Scraped caption text data:
★ ★ ★
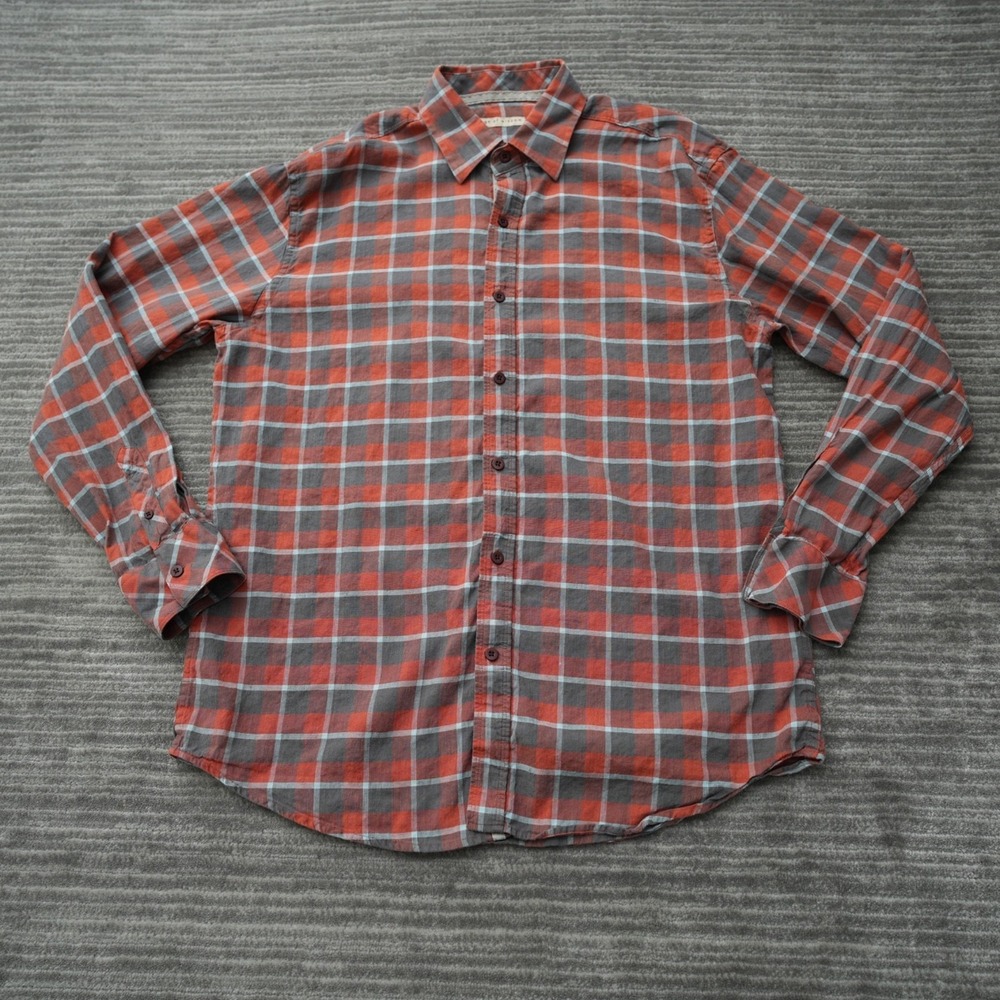 Age of Wisdom Shirt Men Button Up Plaid Orange Blue‎ Long Sleeve XL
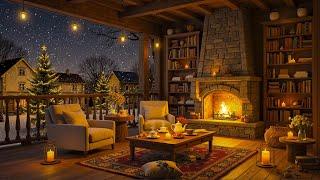 Soft Jazz in Cozy Cabin Balcony Ambience on Quiet Night Winter  Warm Fireplace & Snow to Chill Out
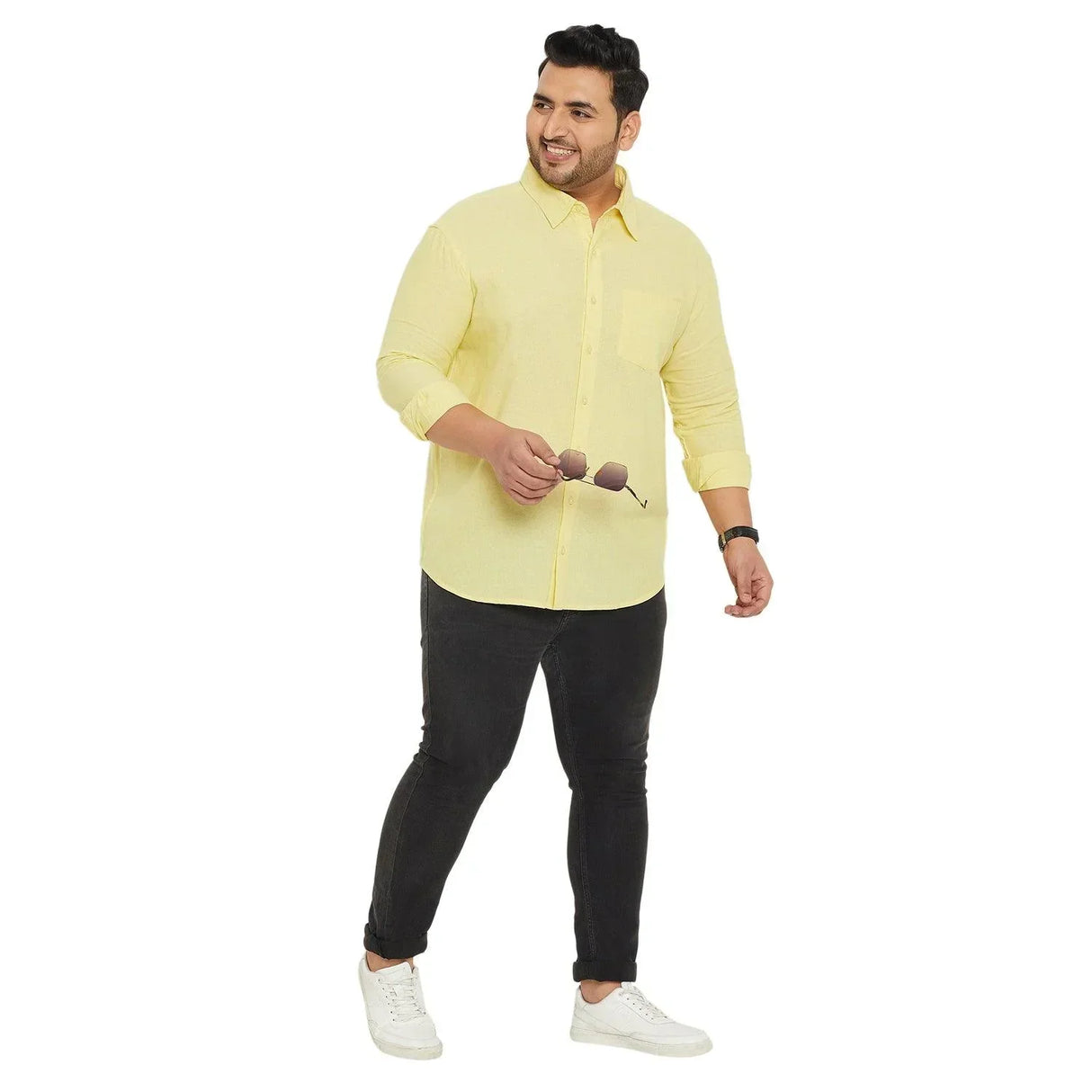 Men Plus Size Base-Yellow Solid Shirt - bigbanana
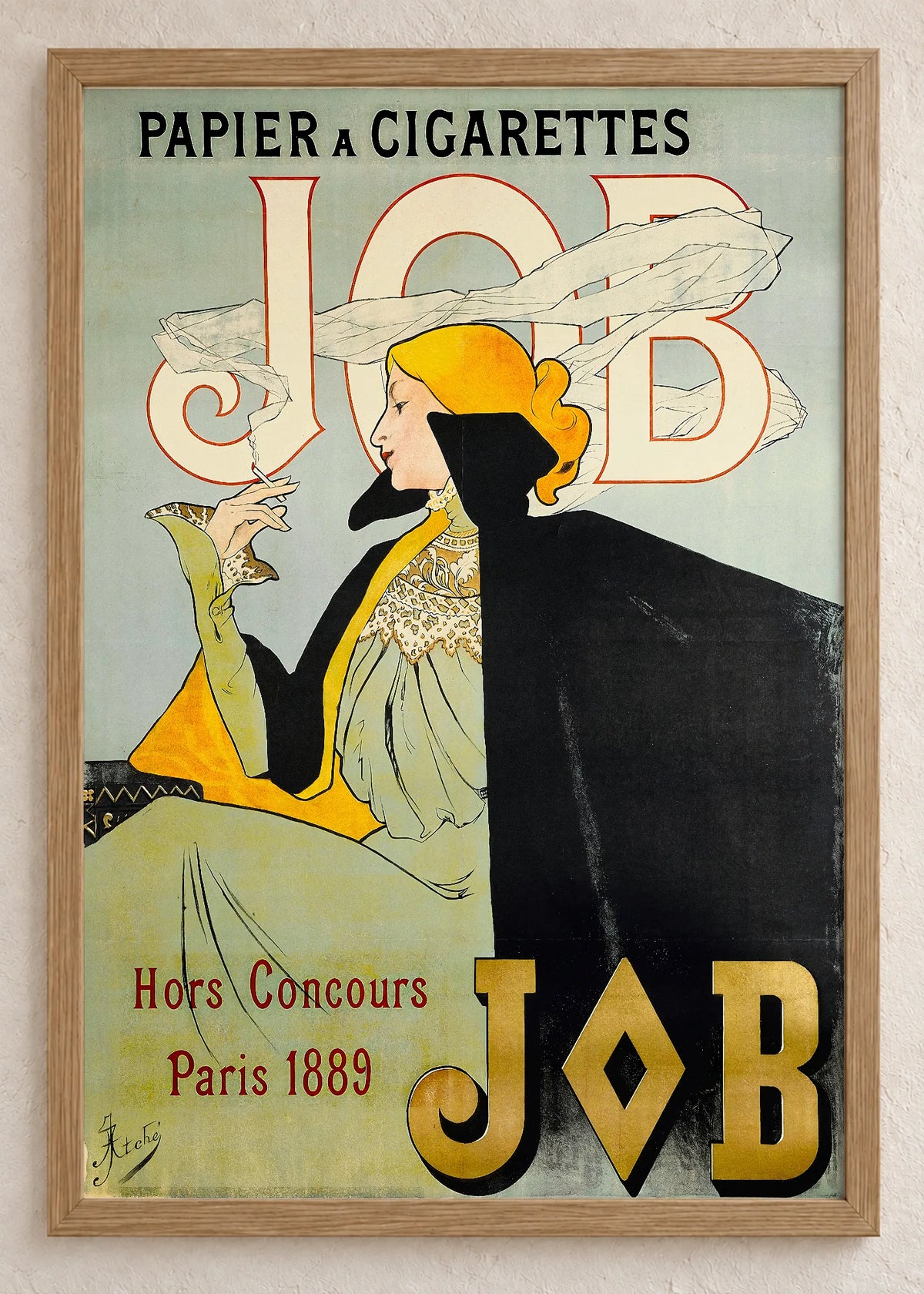 Vintage reklame: JOB, Robette i L’Ermitage, JOB, Papier à Cigarettes, u braon ramu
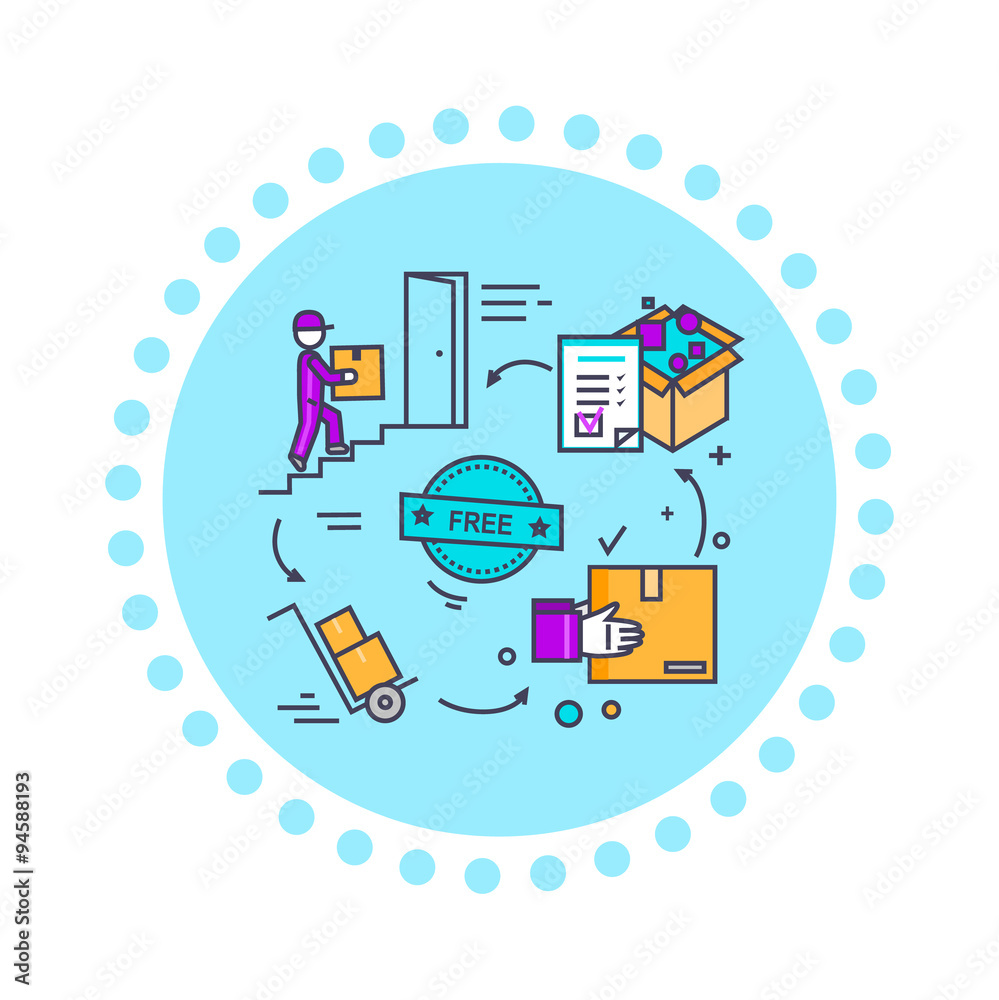 Fototapeta premium Free Shipping Concept Icon Flat Design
★ ★ ★
When repeating the entries, leave out every picture and keep the rest exact.

 Age of Wisdom Shirt Men Button Up Plaid Orange Blue‎ Long Sleeve XL
 Soft Jazz in Cozy Cabin Balcony Ambience on Quiet Night Winter  Warm Fireplace & Snow to Chill Out
 Men Plus Size Base-Yellow Solid Shirt - bigbanana
 Vintage reklame: JOB, Robette i L’Ermitage, JOB, Papier à Cigarettes, u braon ramu
 Fototapeta premium Free Shipping Concept Icon Flat Design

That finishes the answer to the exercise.